Even so, some of the best Oscar moments ever happened thanks to the Best Song category. Do you remember the Oscar version of the SOUTH PARK song “BLAME CANADA!”, when dozens upon dozens of singing marchers paraded on stage denouncing our neighbor to the North? And how about the year when HUSTLE AND FLOW’s “It’s Hard Out Here for a Pimp” not only was nominated but actually won the Oscar. That win lead to the immortal Jon Stewart line tallying up the Oscars: “Three 6 Mafia – one; Martin Scorsese – zero.” Actually, “Pimp” was the rare song that actually merited an Oscar because it was absolutely essential to the movie. Last year’s winner “Falling Slowly” was equally deserving because it too was central to its film, ONCE. But even so, because of some arcane qualification rules, “Falling Slowly” was almost denied its nomination. It flirted with disqualification thanks to concerns it might have been written before the film was made, a concern that took weeks of high-level negotiations to finally resolve.

And speaking of odd rules, remember the infamous swan outfit singer Bjork wore the year her song from DANCER IN THE DARK was nominated. It was an eerie and mesmerizing song but it was a duet and the Academy only allowed a single performer per song. So Bjork gamely performed exactly half of the nominated song! The audience was no doubt as puzzled by the song as it was by her swan.

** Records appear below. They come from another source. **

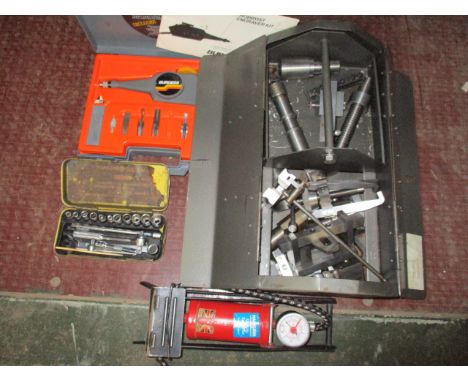 Miscellaneous engineering tools, puller and socket set etc 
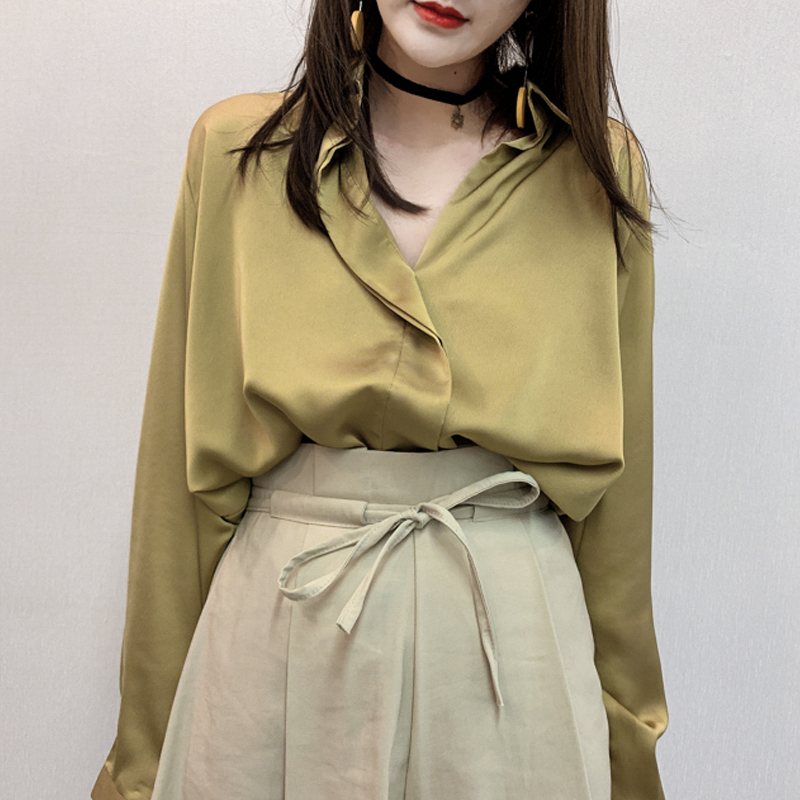Niche shirt advanced sense new womens fashion Korean butter fruit green satin shirt in 2021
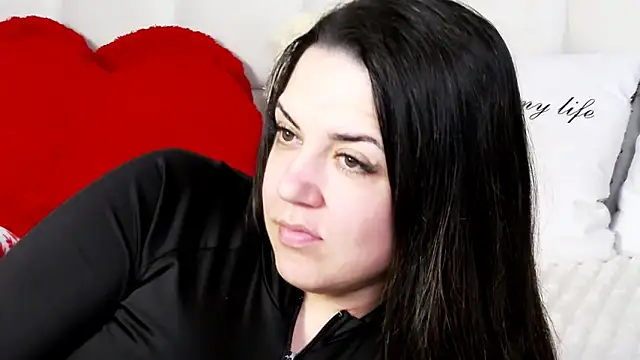 Snapshot of AlsouKass chatting on February 26, 2026, 8:24 am AlsouKass online show from February 26, 2026, 8:24 am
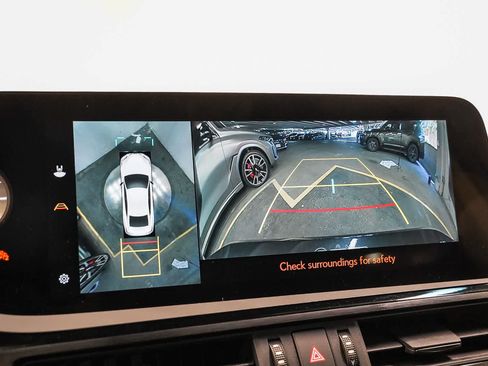 Used 2025 Lexus ES 300h w/ Accessory Package (Z2) FWD image 26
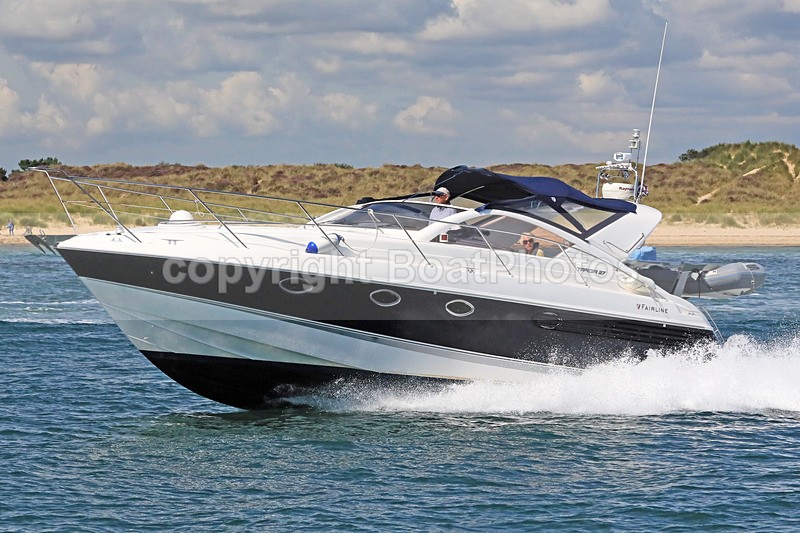 170813 WICKED - FAIRLINE TARGA 37 1Y3A3112 - Motorboats - Open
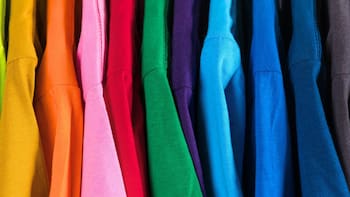 Estos son los 3 colores que usan las personas menos inteligentes, según la psicología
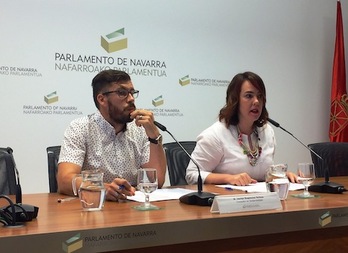 El responsable del diagnóstico, Javier Espinosa, y la presidenta de la Cámara, Ainhoa Aznarez. (PARLAMENTO DE NAFARROA)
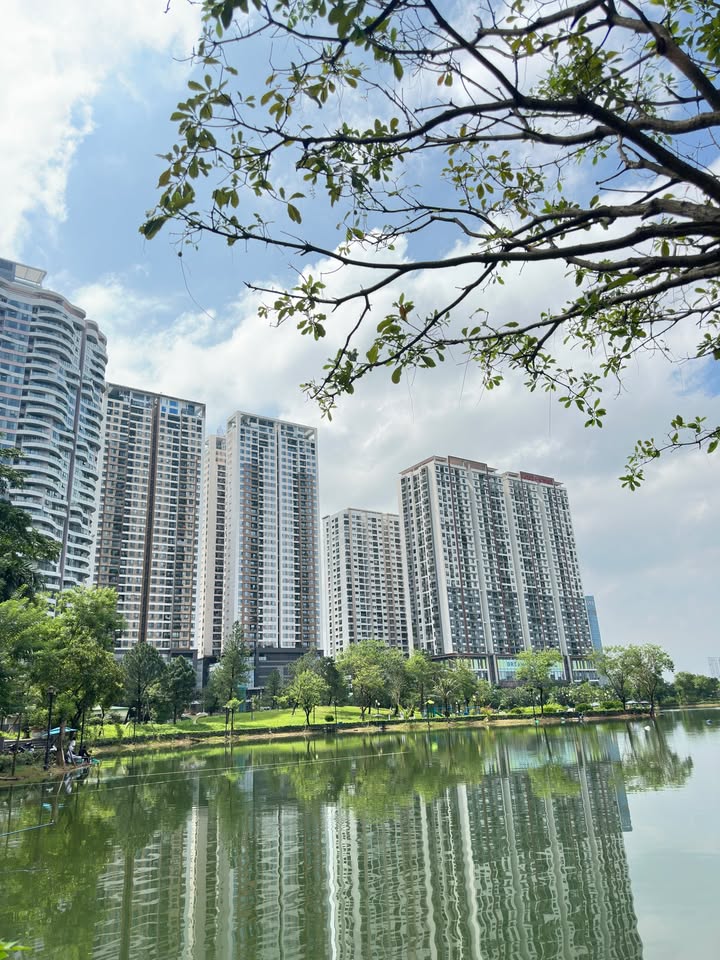 Căn hộ 3PN Chung cư N01-T5 Bắc Từ Liêm 122m² giá 22 triệu - Đẹp lung linh với view hồ!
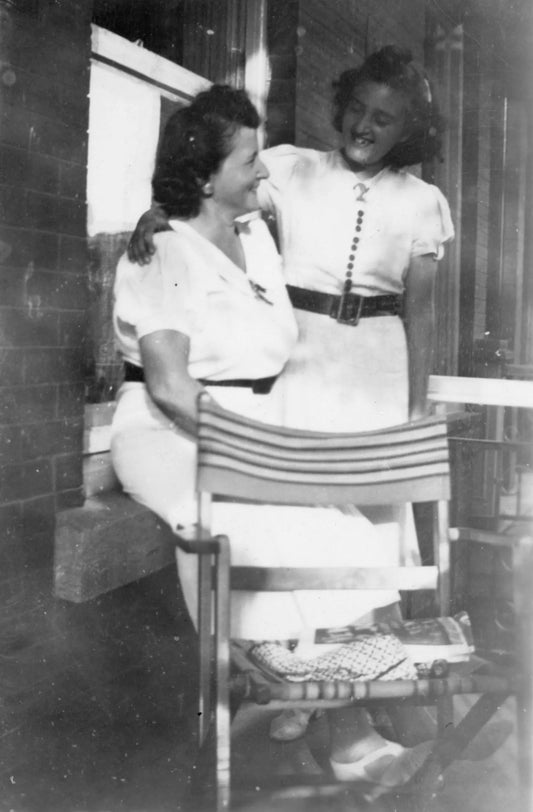 Mère et fille sur la galerie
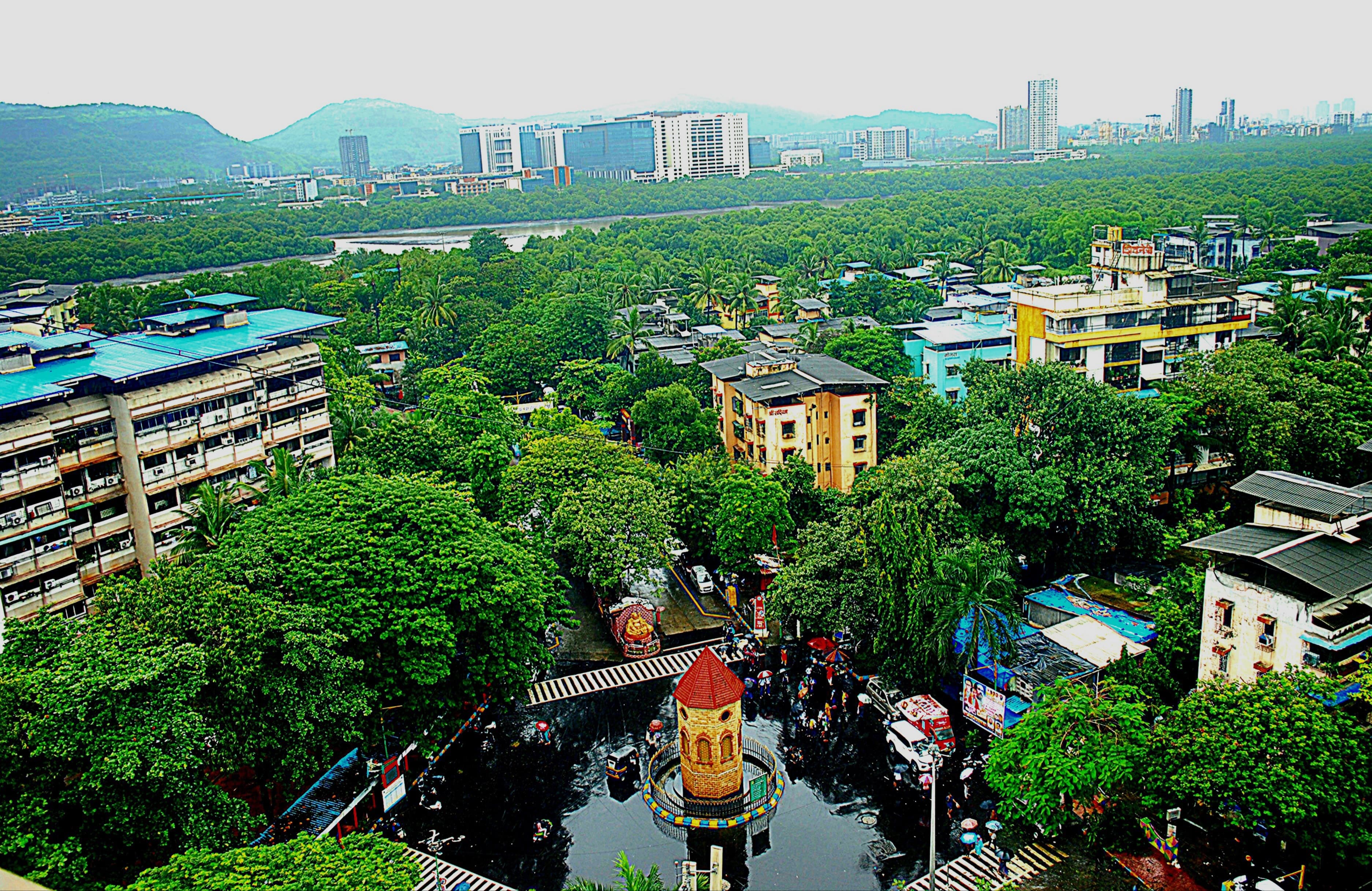 ठाणे पूर्व  में गगनचुंबी इमारतों से जल संकट की आहट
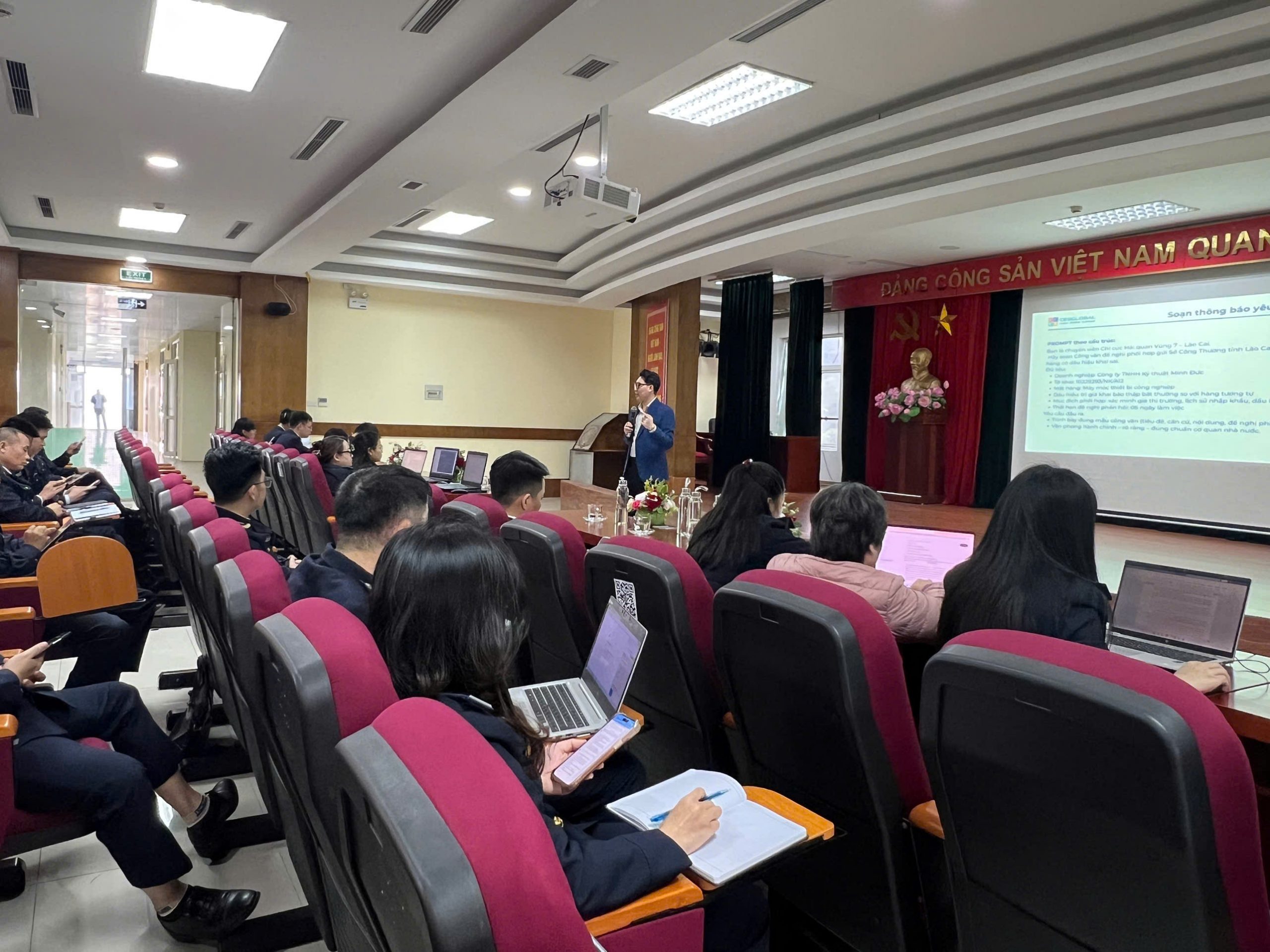 dao-tao-AI-cho-chi-cuc-hai-quan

A similar idiocy is popping up this year as well. For some odd reason, only three songs, instead of the usual five, were nominated for an Oscar this year. (Curiously, the Golden Globe winner for Best Song, Bruce Springsteen’s THE WRESTLER didn’t make the cut.) But despite the fact that there are two fewer songs than normal, the Academy show organizers have decided to cram all three songs into a single three minute medley. As a result, Peter Gabriel has turned down an offer to perform his nominated song from WALL*E, “Down To Earth.” He says 60 seconds is insufficient time “to do the song justice.” Even more absurd than the time constraints is the medley notion. Since the other two songs, “Jai Ho” and “O Saya” are from the same movie (SLUMDOG MILLIONAIRE),the Gabriel work would no doubt seem, if not discordant, at least out of place.

The Oscar Ceremony organizers are promising to shake things up this year, but if the song category is any indication, the show may be different but just as screwy as ever. JAI HO!